Wednesday, May 6, 2015

Home

Lately it seems like everyone on the internet is obsessed with traveling.  Like, it's everybody's "passion". Even my husband recently described himself as having a bit of wanderlust.

We travel a lot. We live far from our families so we travel to see them in various locations, often. We also go on vacations- both with out families and with just our little family. It's fun. Our baby will have been on 10 flights by the time he turns one later this month.
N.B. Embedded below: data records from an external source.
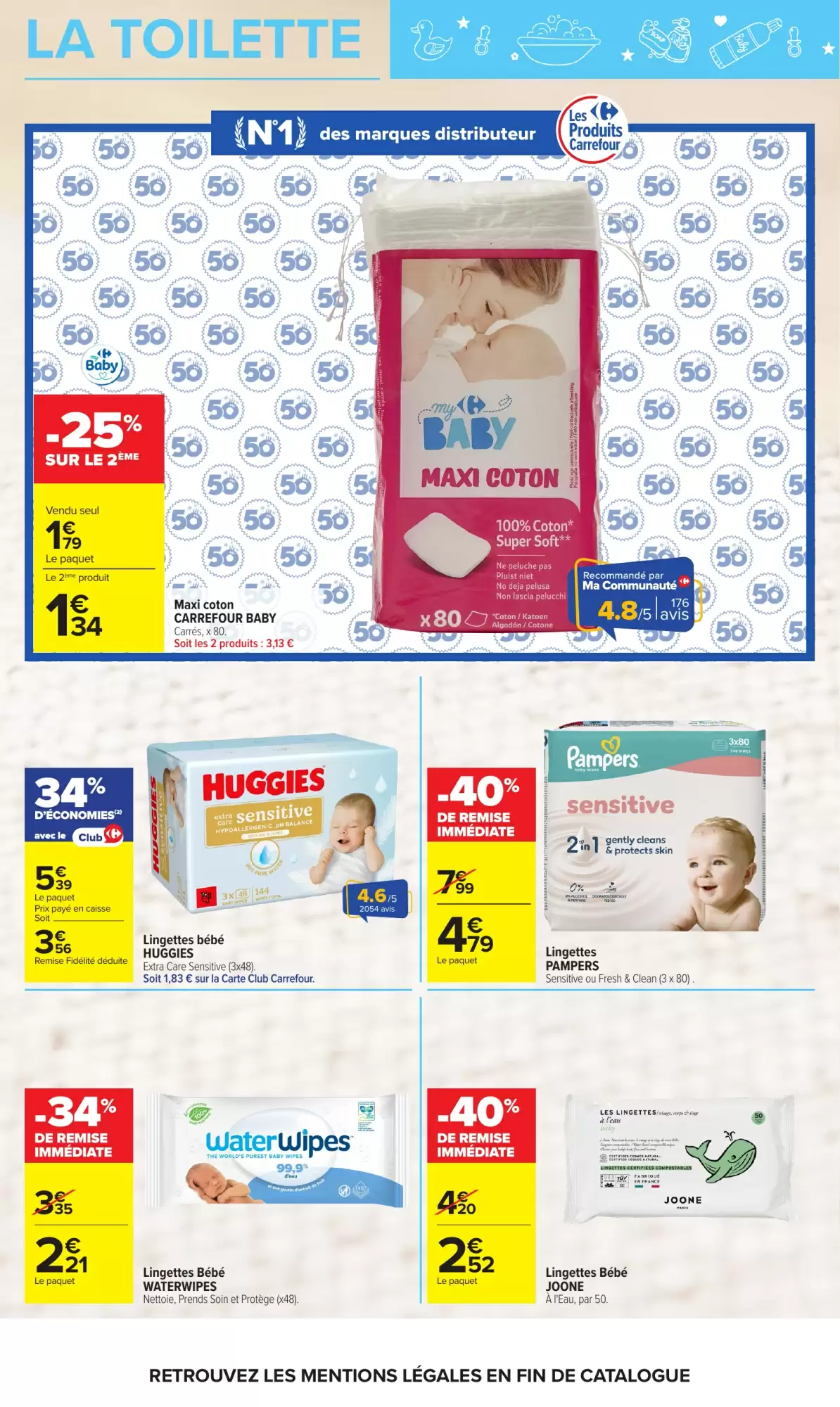 Catalogue Carrefour Babydays du 15 au 28 septembre 2026 – page 8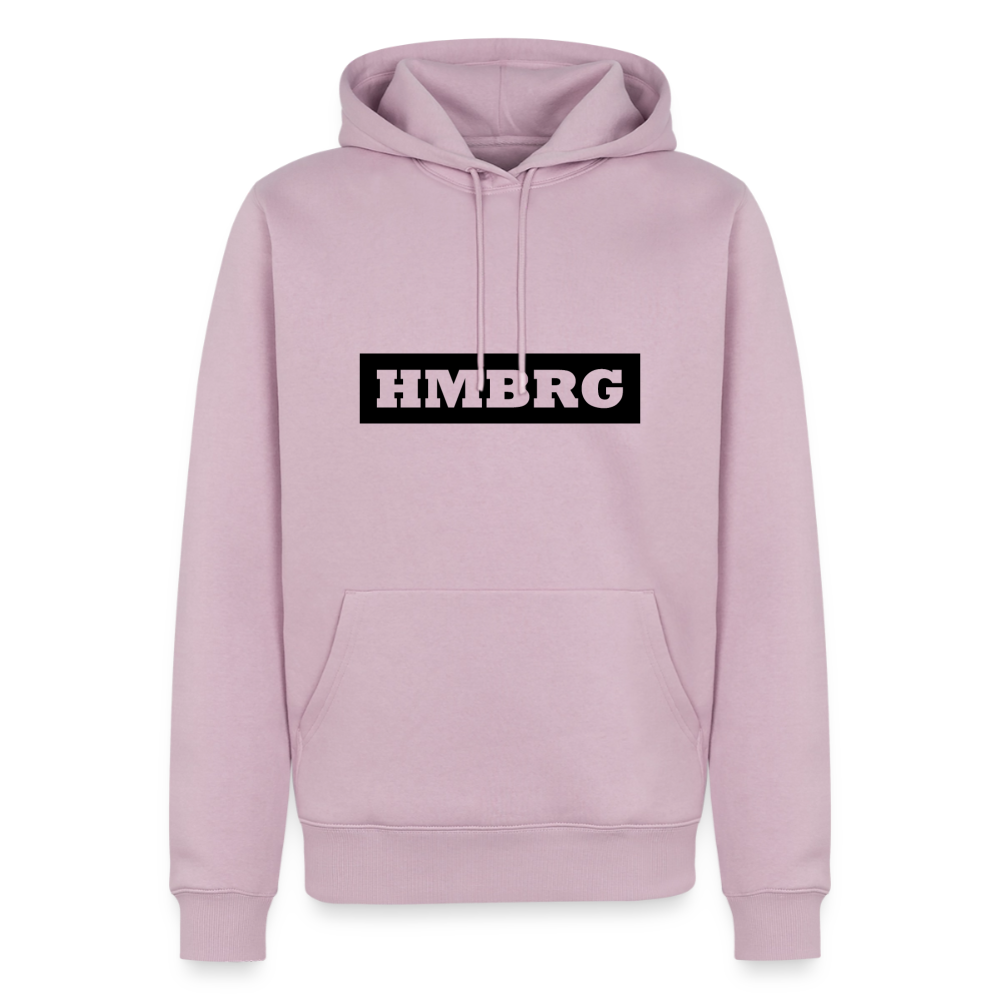 Hoodie Hamburg "HMBRG" Dark Edition - Altrosa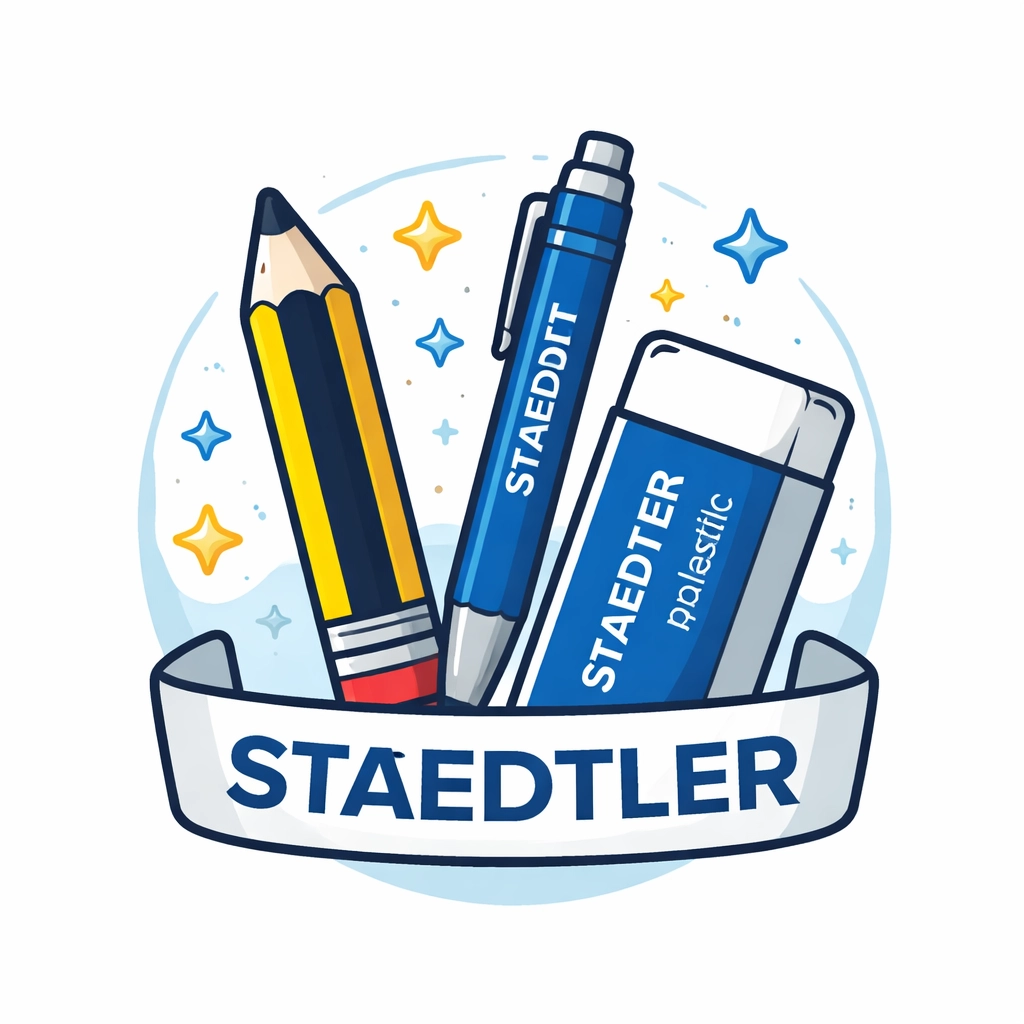 스테들러 노리스 연필 아이콘 디자인 이미지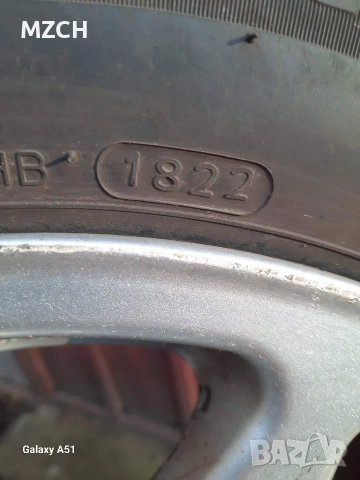 ляти джанти с гуми 5×100,15цола , снимка 12 - Гуми и джанти - 54137892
And there's so many--this will sound cliché but it's true--AMAZING places to travel to. (Does the word amazing always sound cliché to anyone else?) We want to go everywhere. New Zealand, Europe, San Francisco. My current travel dream is to bicycle tour around Iceland. I don't think that's even a thing yet. A few months ago I saw a Ted Talk by a travel writer and had this epiphany: I want to be a travel writer! Okay, but who doesn't? You love to travel, I love to travel, he and she both love to travel, oh yeah, and your grandma also loves to travel. Traveling is AMAZING. But really. The world is beautiful.

But.

Despite all the beauty and amazement and exoticness of travel, every time we leave our home, I start to feel this sense of sadness. No matter where we're going, all of a sudden, I don't want to leave. It's a little premature homesickness as I set the thermostat, lock the windows, leave one light on.

As this whole scenario occurred before a recent weekend trip, I realized something. Traveling is not my passion. Traveling is wonderful. It's fun, interesting, eye-opening, worthwhile, exciting, very very important. But it's not my passion. My passion is my home.

Without a doubt my home is the most important place on the planet for me and my family. To me, my home is just as wonderful as any vacation spot. No, not (usually) as exciting. Yes, much more mundane. But home is where I live, where my husband lives, where my baby lives. Home is where we build our family, watch our baby turn into a person, feel deep love and appreciation for our daily life. Most of my living, loving, growing, writing, parenting, and understanding happens at my home. These things are sacred to me. These things are turning my home into a sacred place for me. Truly, shouldn't we all live on ground hallowed by the best efforts of our own lives?

It's kind of ironic that I am thinking about this right now, because we actually don't own a home. We rent a condo. We like the city (and state) we live in, but we don't love it, and we'll be moving elsewhere basically as soon as possible. This won't be our home forever. In a few years our home will turn into someone else's home. Or, I don't know, maybe it will just turn into their house, their residence. Maybe it won't be home to them the way it is to us. It's not our forever home. It's not where we will say we are from and where our children will say they grew up. But for now, it's so important to us. It contains the most important part of our world.

It's also ironic for me to be writing about this because we are going on a very exciting vacation to Hawaii in under two weeks. We have been planning on this for a year and a half, not even kidding. That's longer than my baby has even been alive. We have the guide books, we have the swimsuits, we're gonna buy a go-pro, I mean we are going all out. We are so excited. It is going to be a complete and utter delight.

But what will happen the morning we leave? I already know. I'll set the thermostat, lock the windows, leave on light on, and all of a sudden, I won't want to go. Then the blue ocean under the wings of the plane will eclipse the feeling, and I'll never want to leave. But we will leave, and what I've realized is that upon returning home, I'll find that where we are is just as wonderful as where we were.